• **Exercise brief**
Without the images, repeat every line of the listing exactly.

• **Input data**
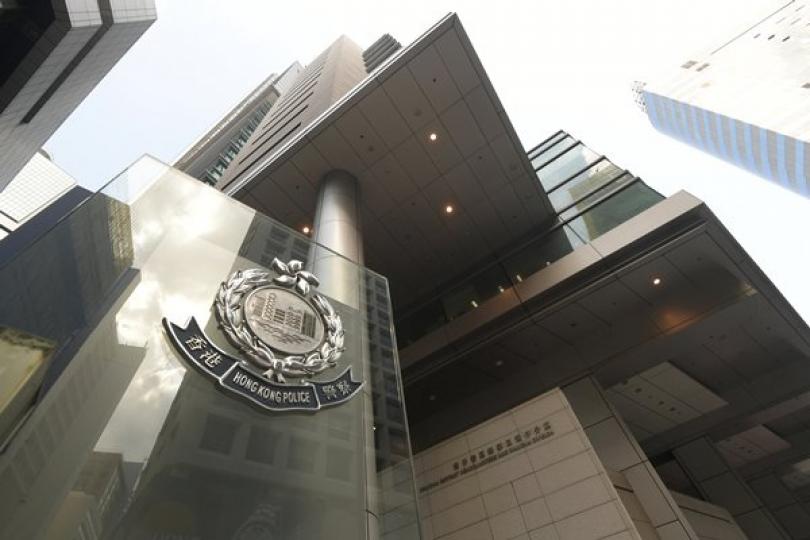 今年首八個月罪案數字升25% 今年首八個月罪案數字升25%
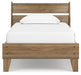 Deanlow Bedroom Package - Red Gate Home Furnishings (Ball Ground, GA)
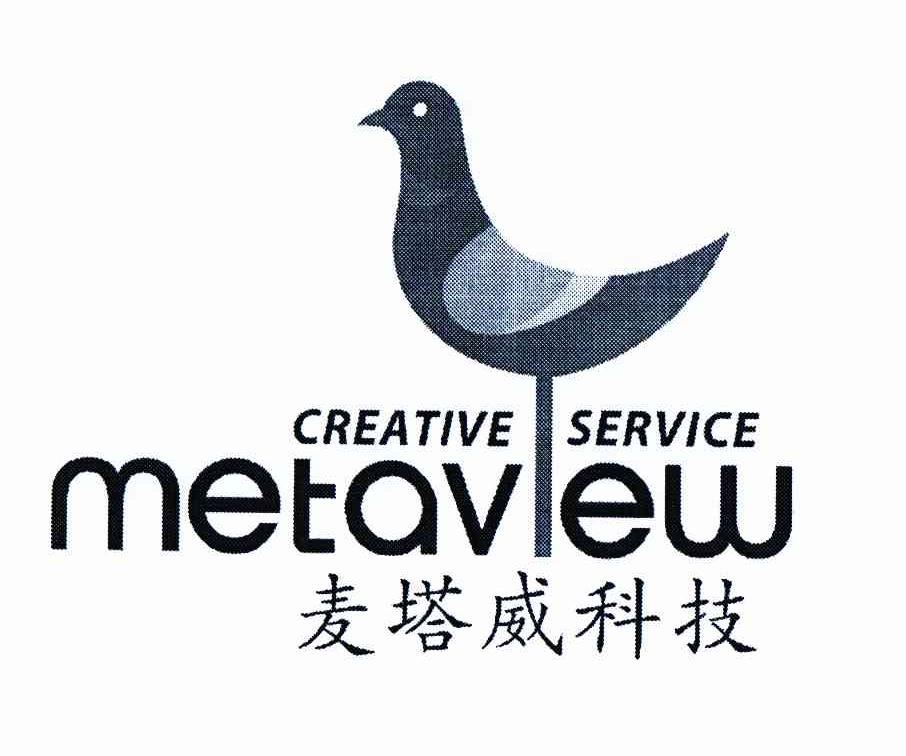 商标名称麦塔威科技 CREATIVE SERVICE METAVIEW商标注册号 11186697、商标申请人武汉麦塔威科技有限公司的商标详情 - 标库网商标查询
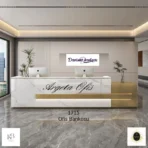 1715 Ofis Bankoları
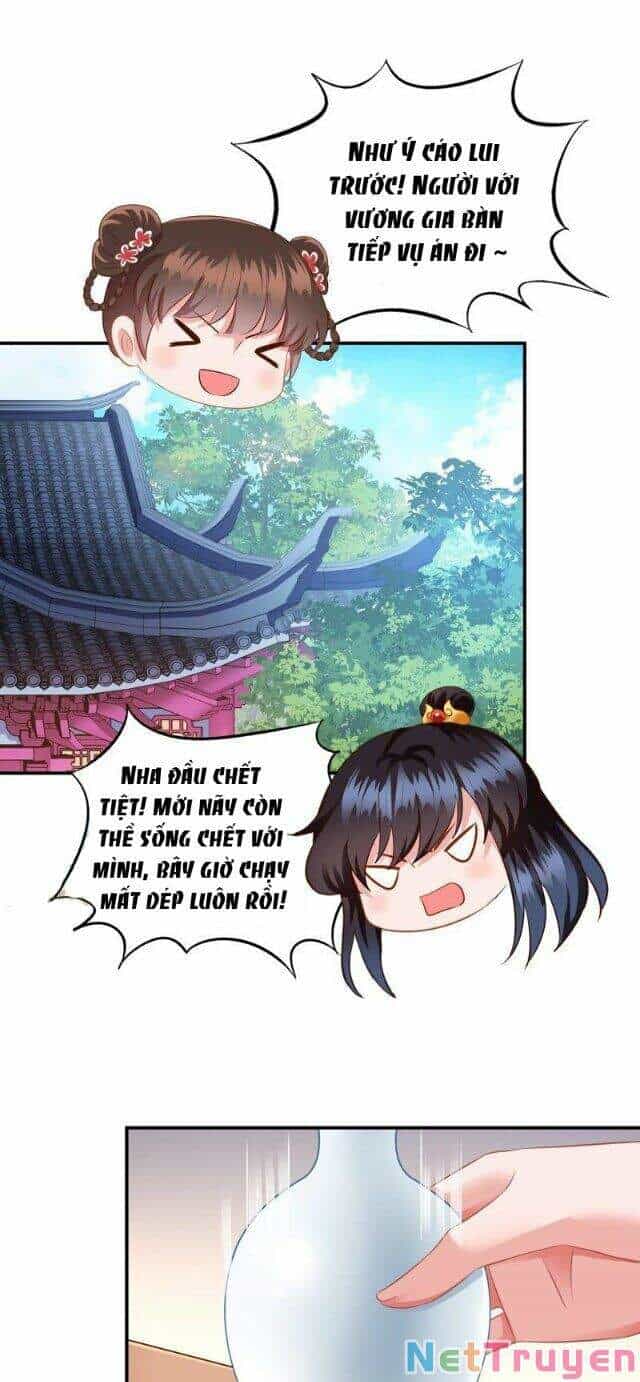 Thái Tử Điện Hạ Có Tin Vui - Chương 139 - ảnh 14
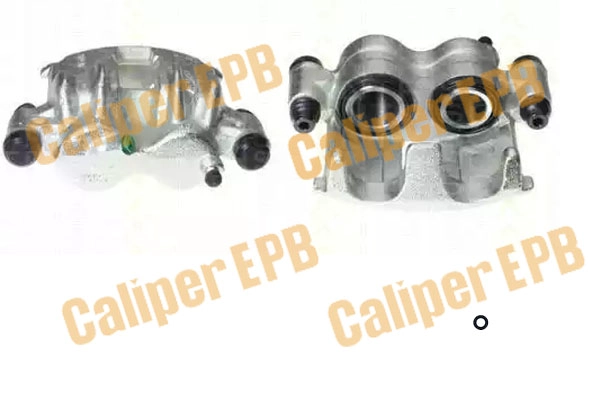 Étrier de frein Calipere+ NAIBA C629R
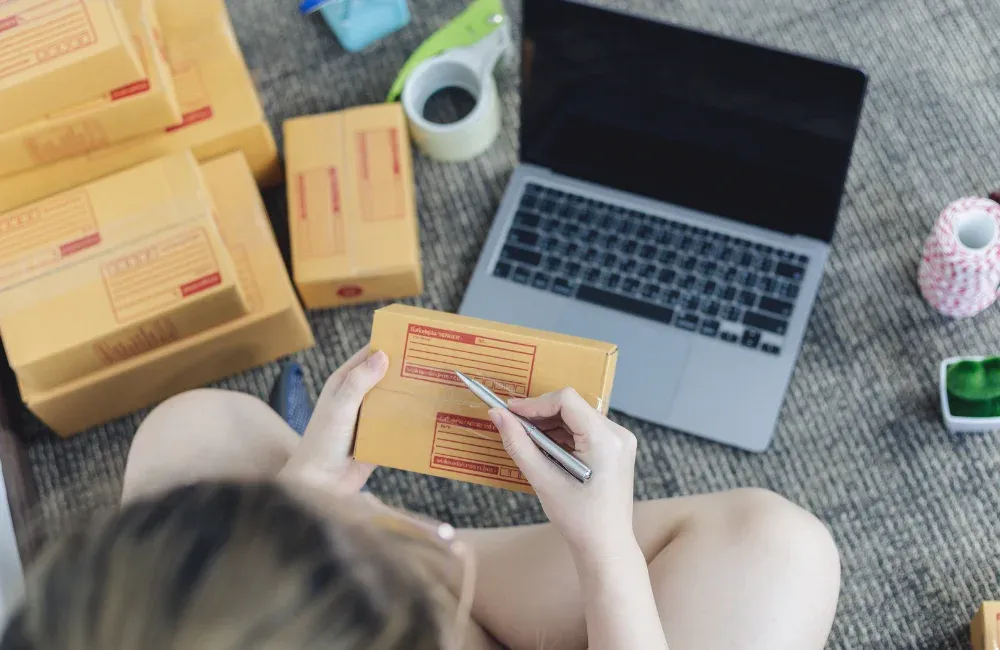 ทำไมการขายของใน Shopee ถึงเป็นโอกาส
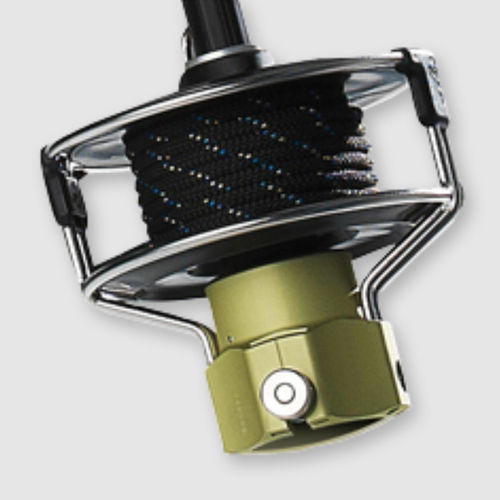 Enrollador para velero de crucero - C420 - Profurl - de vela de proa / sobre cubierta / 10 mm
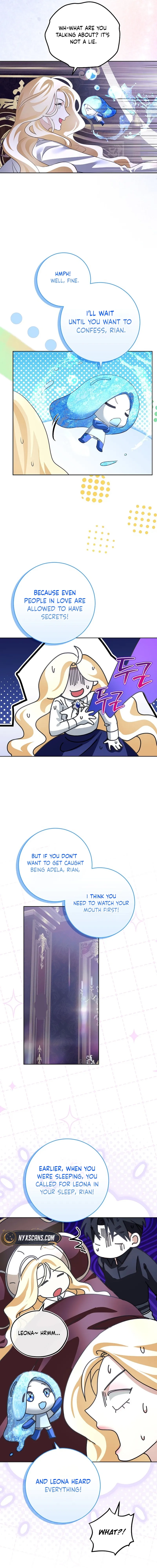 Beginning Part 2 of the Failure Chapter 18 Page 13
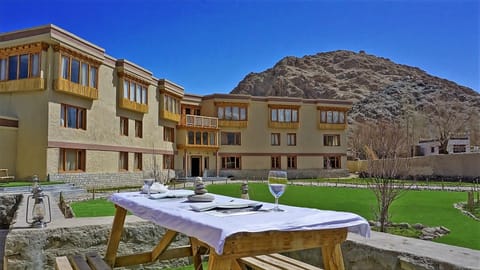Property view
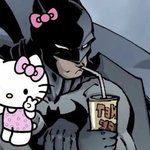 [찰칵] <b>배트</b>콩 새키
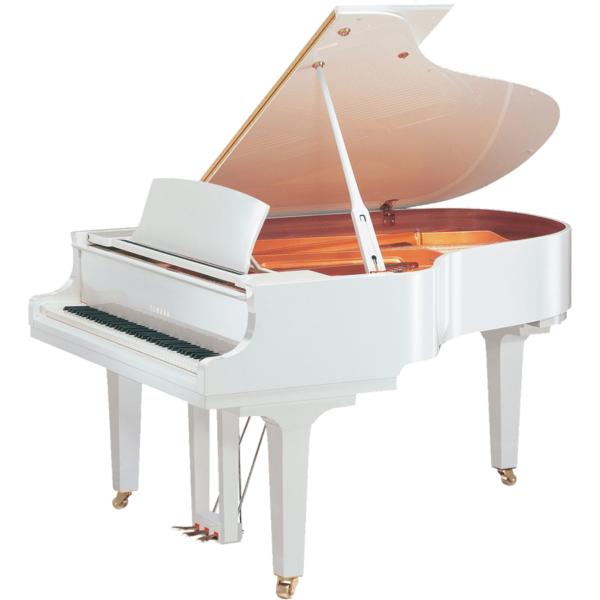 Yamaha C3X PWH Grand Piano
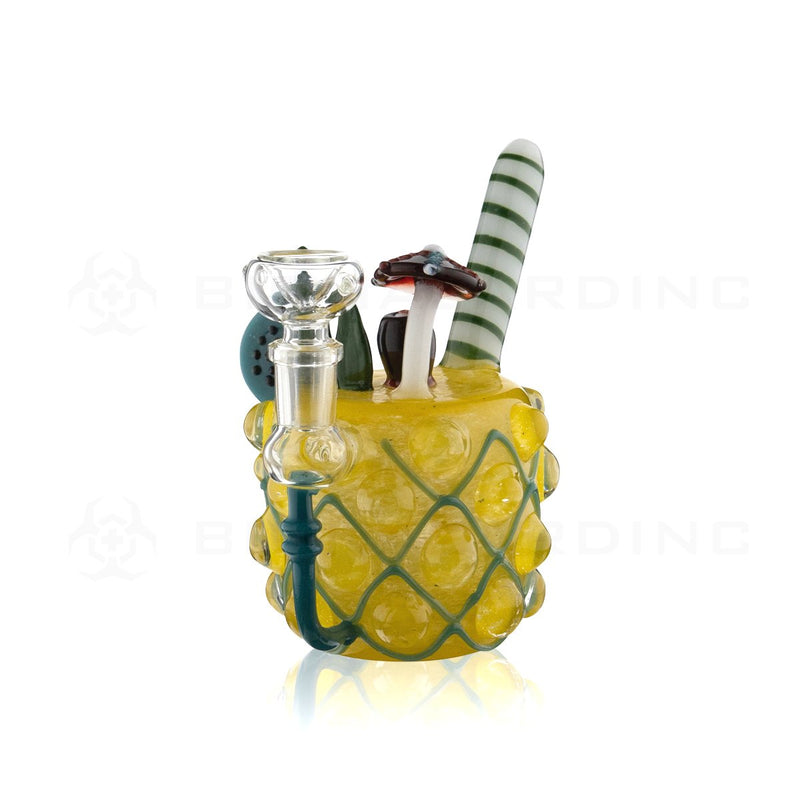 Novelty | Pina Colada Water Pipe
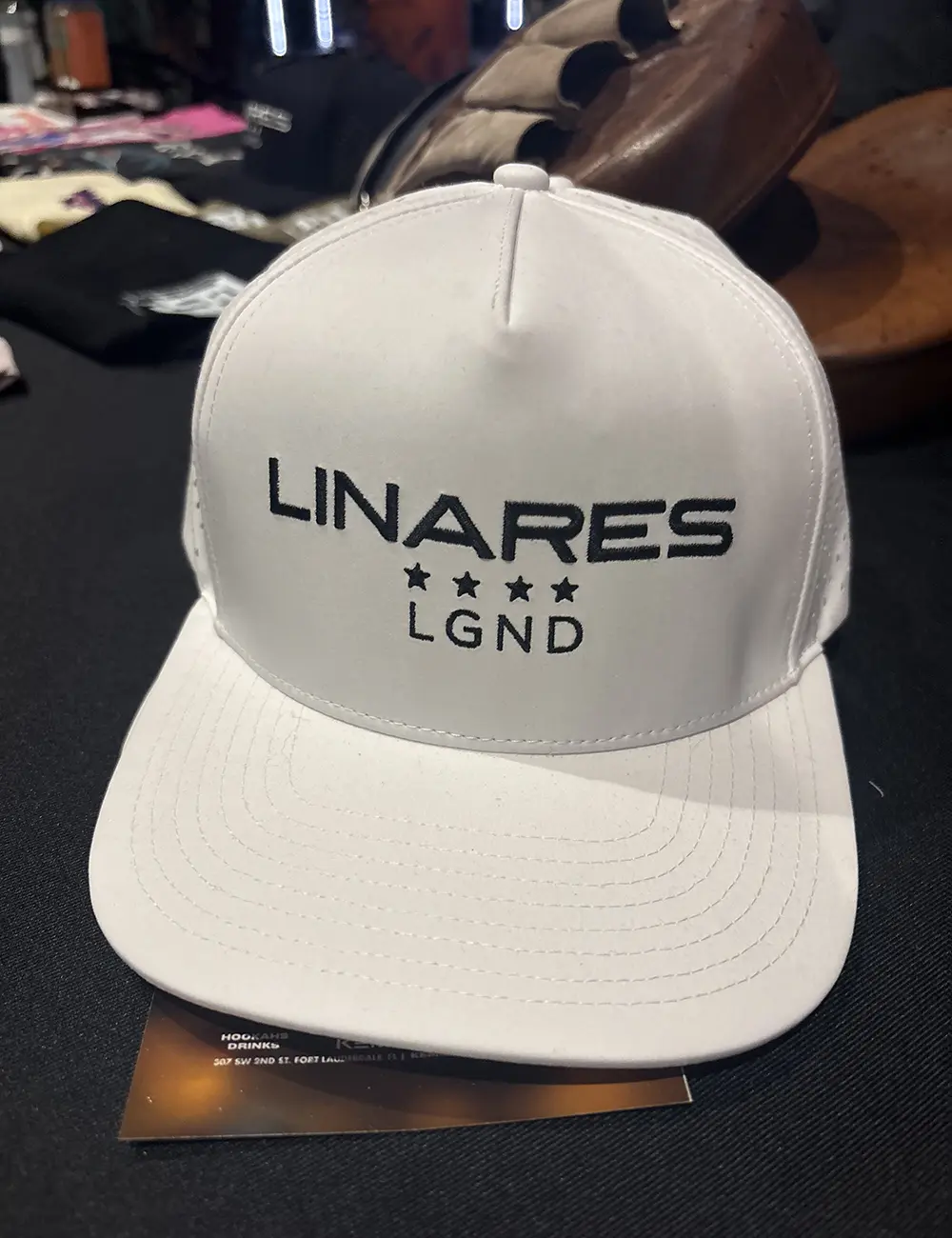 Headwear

• **Exercise output**
 今年首八個月罪案數字升25% 今年首八個月罪案數字升25%
 Deanlow Bedroom Package - Red Gate Home Furnishings (Ball Ground, GA)
 商标名称麦塔威科技 CREATIVE SERVICE METAVIEW商标注册号 11186697、商标申请人武汉麦塔威科技有限公司的商标详情 - 标库网商标查询
 1715 Ofis Bankoları
 Thái Tử Điện Hạ Có Tin Vui - Chương 139 - ảnh 14
 Étrier de frein Calipere+ NAIBA C629R
 ทำไมการขายของใน Shopee ถึงเป็นโอกาส
 Enrollador para velero de crucero - C420 - Profurl - de vela de proa / sobre cubierta / 10 mm
 Beginning Part 2 of the Failure Chapter 18 Page 13
Property view
 [찰칵] <b>배트</b>콩 새키
 Yamaha C3X PWH Grand Piano
 Novelty | Pina Colada Water Pipe
 Headwear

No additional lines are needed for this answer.